De feesten zorgden weliswaar voor mooie literatuur en wilde verhalen maar haarzelf bracht het aan de rand van de afgrond. Begin jaren zeventig kocht een groepje vrienden (waaronder Reve en van Oorschot) een huisje in het Groningse Garnwerd voor de volledige berooide Fritzi ten Harmsen van der Beek. Daar heeft de rest van haar leven in bijna volledige anonimiteit doorgebracht.
Enkele fragmenten uit de 'Brief uit Amsterdam'
(..) gistermiddag heb ik mij op de HMW bromfiets (..) naar mevrouw Oofi haar landgoed begeven, in de Gooise gemeente L., om het partijtje ter gelegenheid van de verjaardag van haar 11-jarige zoon bij te wonen, en, ter traditie getrouw, des middags het projectieapparaat te bedienen tijdens een filmvoorstelling ten genoege van jeugdige bezoekers. (..)

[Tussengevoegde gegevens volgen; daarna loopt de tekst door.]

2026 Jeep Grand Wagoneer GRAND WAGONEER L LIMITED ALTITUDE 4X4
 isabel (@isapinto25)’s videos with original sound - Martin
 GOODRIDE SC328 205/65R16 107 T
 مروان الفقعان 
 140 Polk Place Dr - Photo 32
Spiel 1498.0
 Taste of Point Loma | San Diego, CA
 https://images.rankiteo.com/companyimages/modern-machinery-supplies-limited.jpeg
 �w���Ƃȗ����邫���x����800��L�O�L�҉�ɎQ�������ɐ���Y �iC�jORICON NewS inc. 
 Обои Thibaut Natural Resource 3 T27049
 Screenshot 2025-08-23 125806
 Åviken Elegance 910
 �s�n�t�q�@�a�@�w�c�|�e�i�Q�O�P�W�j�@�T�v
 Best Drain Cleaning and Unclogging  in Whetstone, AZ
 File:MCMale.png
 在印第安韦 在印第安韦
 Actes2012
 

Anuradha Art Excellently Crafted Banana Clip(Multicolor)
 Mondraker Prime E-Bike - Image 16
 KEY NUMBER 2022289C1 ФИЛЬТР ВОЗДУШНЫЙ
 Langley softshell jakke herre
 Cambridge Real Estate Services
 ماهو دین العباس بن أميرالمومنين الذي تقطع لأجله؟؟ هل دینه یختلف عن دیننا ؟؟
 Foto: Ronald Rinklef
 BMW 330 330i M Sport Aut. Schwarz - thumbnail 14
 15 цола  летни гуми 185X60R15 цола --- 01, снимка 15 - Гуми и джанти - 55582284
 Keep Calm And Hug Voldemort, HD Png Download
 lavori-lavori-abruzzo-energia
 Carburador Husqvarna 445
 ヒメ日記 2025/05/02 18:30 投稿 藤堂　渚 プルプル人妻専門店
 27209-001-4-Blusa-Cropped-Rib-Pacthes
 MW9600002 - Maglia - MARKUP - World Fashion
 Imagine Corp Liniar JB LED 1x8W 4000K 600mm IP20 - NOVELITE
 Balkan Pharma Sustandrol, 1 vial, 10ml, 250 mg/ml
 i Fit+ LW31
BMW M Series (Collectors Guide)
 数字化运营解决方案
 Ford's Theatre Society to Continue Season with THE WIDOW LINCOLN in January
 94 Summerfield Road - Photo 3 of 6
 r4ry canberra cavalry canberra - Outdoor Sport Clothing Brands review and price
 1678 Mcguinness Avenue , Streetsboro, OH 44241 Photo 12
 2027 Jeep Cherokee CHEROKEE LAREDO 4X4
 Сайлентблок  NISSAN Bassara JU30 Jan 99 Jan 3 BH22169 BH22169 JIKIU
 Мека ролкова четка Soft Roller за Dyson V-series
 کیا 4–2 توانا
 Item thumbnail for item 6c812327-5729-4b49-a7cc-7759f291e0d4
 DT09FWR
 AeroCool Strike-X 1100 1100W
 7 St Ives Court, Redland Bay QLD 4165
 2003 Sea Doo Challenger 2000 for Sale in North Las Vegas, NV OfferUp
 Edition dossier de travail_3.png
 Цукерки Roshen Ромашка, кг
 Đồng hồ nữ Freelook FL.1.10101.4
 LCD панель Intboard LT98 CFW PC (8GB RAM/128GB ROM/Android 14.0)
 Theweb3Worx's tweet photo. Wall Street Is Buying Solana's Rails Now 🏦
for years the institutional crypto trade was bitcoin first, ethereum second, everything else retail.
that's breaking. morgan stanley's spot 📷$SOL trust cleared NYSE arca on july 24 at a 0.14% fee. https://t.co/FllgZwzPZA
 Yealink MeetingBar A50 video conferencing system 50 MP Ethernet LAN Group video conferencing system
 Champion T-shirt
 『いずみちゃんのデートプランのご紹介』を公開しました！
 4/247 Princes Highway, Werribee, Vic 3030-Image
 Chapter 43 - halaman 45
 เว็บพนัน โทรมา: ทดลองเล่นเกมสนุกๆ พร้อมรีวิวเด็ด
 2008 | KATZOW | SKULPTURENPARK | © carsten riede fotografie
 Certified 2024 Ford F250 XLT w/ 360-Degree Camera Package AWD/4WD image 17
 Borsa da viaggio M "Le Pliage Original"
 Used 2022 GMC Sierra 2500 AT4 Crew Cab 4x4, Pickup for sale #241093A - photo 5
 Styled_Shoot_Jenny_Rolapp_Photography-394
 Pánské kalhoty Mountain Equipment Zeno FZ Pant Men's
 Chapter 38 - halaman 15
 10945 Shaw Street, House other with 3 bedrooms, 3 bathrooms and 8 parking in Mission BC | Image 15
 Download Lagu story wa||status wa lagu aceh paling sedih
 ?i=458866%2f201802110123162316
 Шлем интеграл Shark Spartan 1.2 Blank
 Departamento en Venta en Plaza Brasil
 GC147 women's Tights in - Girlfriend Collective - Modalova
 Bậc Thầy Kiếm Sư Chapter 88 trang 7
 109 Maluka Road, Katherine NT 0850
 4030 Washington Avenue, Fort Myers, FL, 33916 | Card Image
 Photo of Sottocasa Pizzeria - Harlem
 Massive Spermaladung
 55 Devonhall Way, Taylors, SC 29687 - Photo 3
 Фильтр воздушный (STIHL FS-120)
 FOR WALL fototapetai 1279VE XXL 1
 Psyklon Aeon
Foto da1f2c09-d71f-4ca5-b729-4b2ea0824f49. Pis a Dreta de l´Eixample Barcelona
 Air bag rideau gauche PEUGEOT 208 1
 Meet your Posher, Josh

Oofi haar landhuis, statig en vervallen als altijd, en meer dan ooit gelijkenis vertonend met huis en erve op Chas Addams zijn cartoons, is minder koud dan anders: een weldoener heeft haar een reusachtige, dertig uur zonder bijvullen doorbrandende kolenhaard ten geschenke gegeven, die, beneden in de geweldige hal opgesteld, de temperatuur op trappen en portalen althans boven het vriespunt weet te houden.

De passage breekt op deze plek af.